MIAMI – A Guantanamo prisoner from Algeria lost a last-minute legal maneuver Wednesday to go home before President-elect Donald Trump takes office.
U.S. District Judge Rosemary Collyer in Washington declined to intervene in a Defense Department decision not to repatriate Sufyian Barhoumi in the final days of the Obama administration.
A government review board approved the repatriation of Barhoumi in August. But Defense Secretary Ash Carter did not give final approval and issue a 30-day notice to Congress of his impending release as required by law.
In an emergency court petition, Barhoumi's attorney, Shane Kadidal, said he feared that Barhoumi and a Moroccan prisoner in a similar situation might not make it out under Trump, who has said he wants to continue using the detention center on the U.S. base in Cuba.
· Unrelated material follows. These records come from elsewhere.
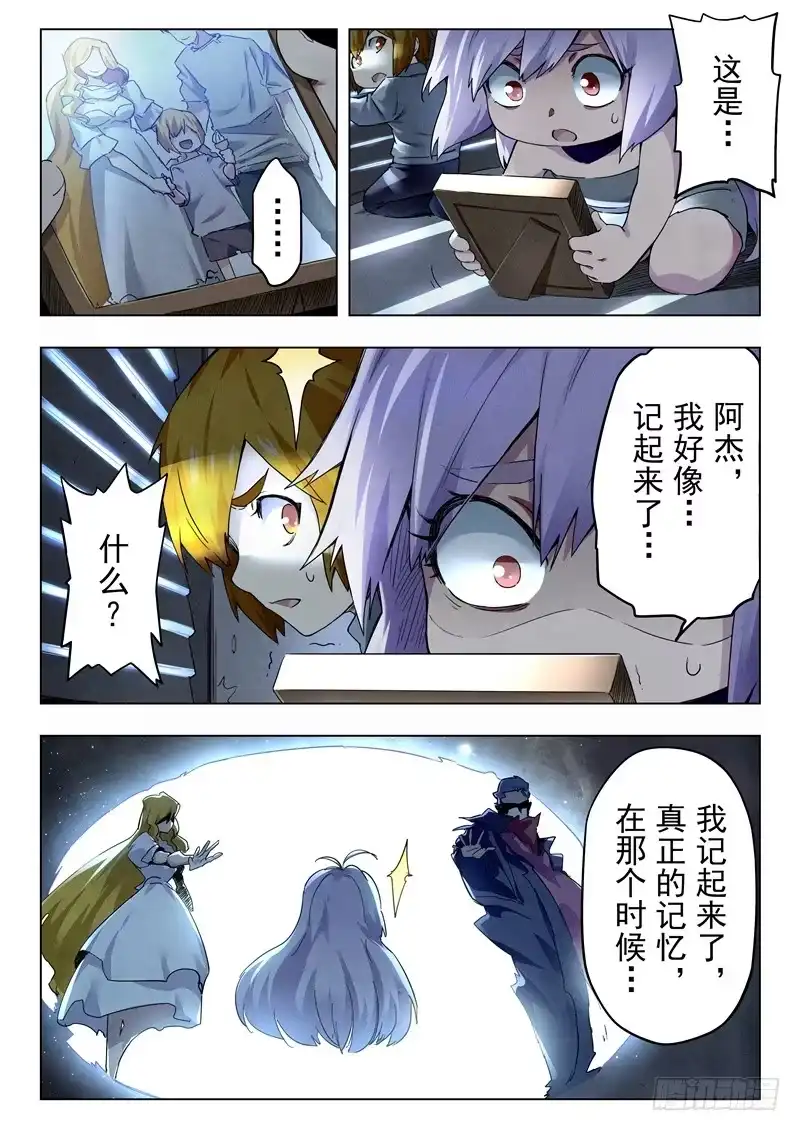 《最后的召唤师》第二十九章 再见，朵拉（9） 第8页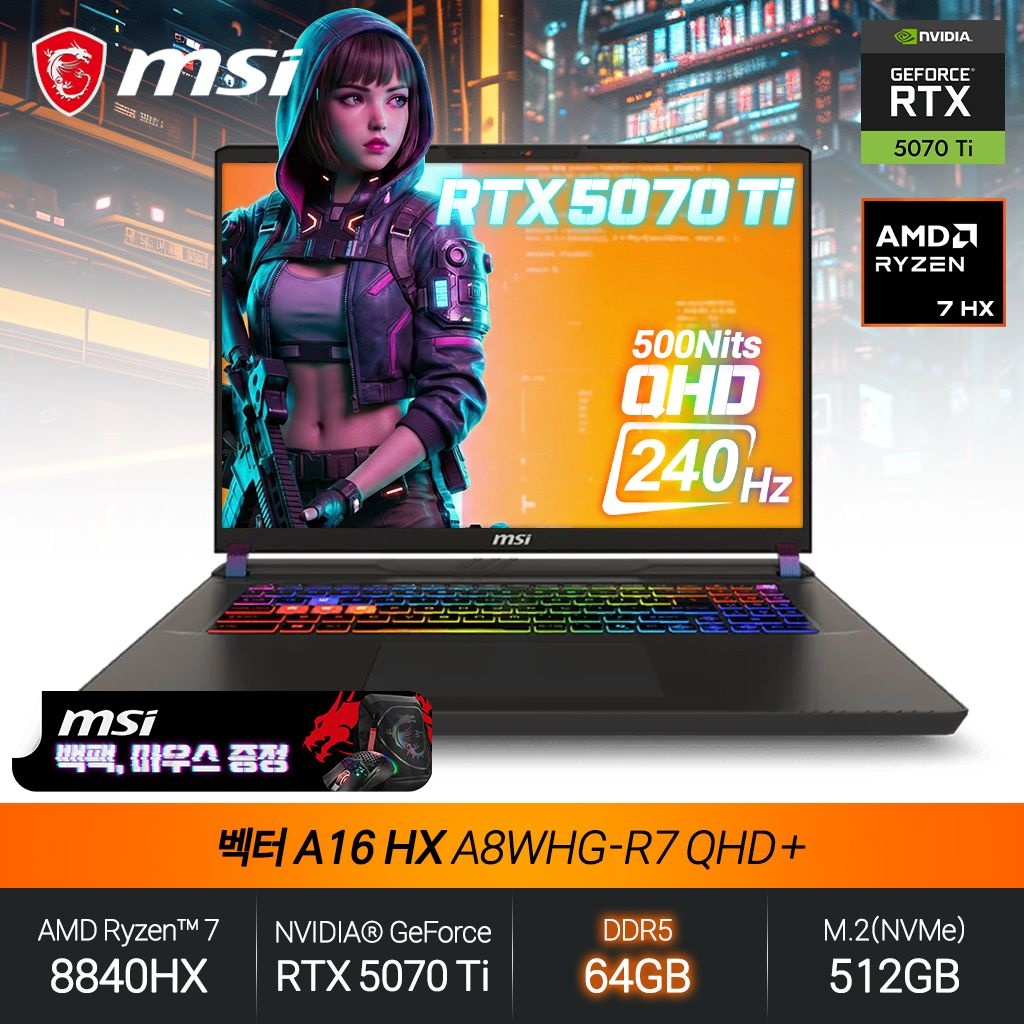 벡터 A16 HX A8WHG-R7 QHD+ (라이젠7 8840HX/RTX5070Ti/64GB/512GB/FD) 게이밍 노트북 JH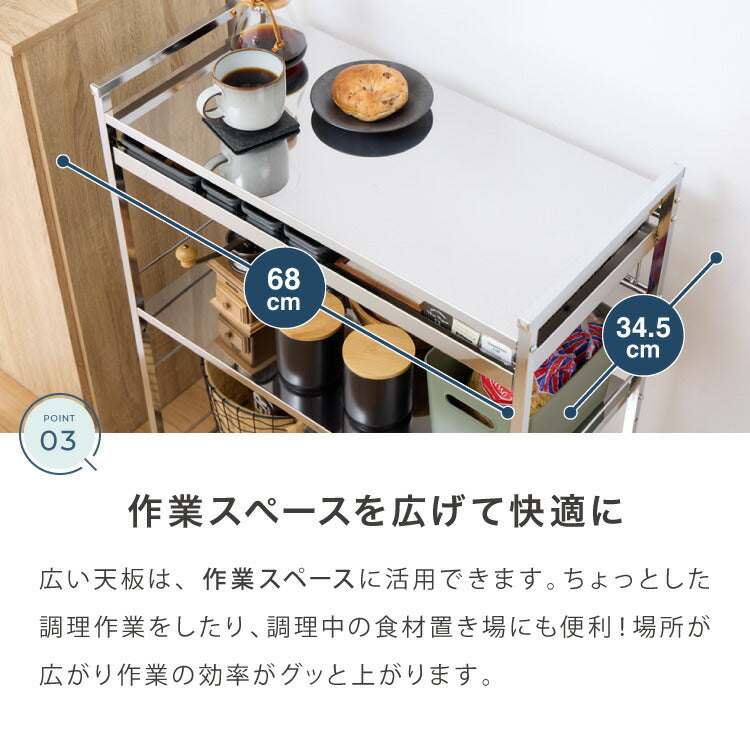 日本製 燕三条 ステンレス作業台ワゴン 幅73.5cm 引出付き ハンドル付き キッチンワゴン 作業台 調理台 スリム キャスター付き おしゃれ ステンレス天板 ステンレスワゴン キッチンラック(代引不可)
Lawyers for the men argue that there is no longer any justification for holding them given the board's decision, which found that both countries could adequately ensure neither man posed a threat in the future. Kadidal said he had expected Barhoumi to be released and the prisoner's family had already begun making preparations for his return, including by buying him a car and a small restaurant for him to run.
"We had no indication that there was a problem until suddenly the deadline passed," he said.
The Justice Department opposed the request and said Carter rejected the release of Barhoumi on Jan. 12 "based on a variety of substantive concerns, shared by multiple agencies," without going into detail.
Collyer said the defense secretary has the authority not to release the 43-year-old Algerian at this time and denied the request. Kadidal, of the New York-based Center for Constitutional Rights, said he probably would not appeal given the timing, two days before the inauguration.
U.S. District Judge Colleen Kollar-Kotelly is considering a similar motion filed on behalf of the Moroccan prisoner, Abdullatif Nasser. The 51-year-old was cleared for repatriation by the review board in July. But the Department of Justice said his country did not provide some needed information until Dec. 28, which was too late for the Defense Department to give its required 30-day notice to Congress.
There are 45 prisoners at Guantanamo. They include nine cleared for release such as Nasser and Barhoumi. Several may still make it out before Jan. 20.
Shelby Sullivan-Bennis, an attorney for the Moroccan, said she still hopes her client will be among those released. "Hoping that common sense will prevail."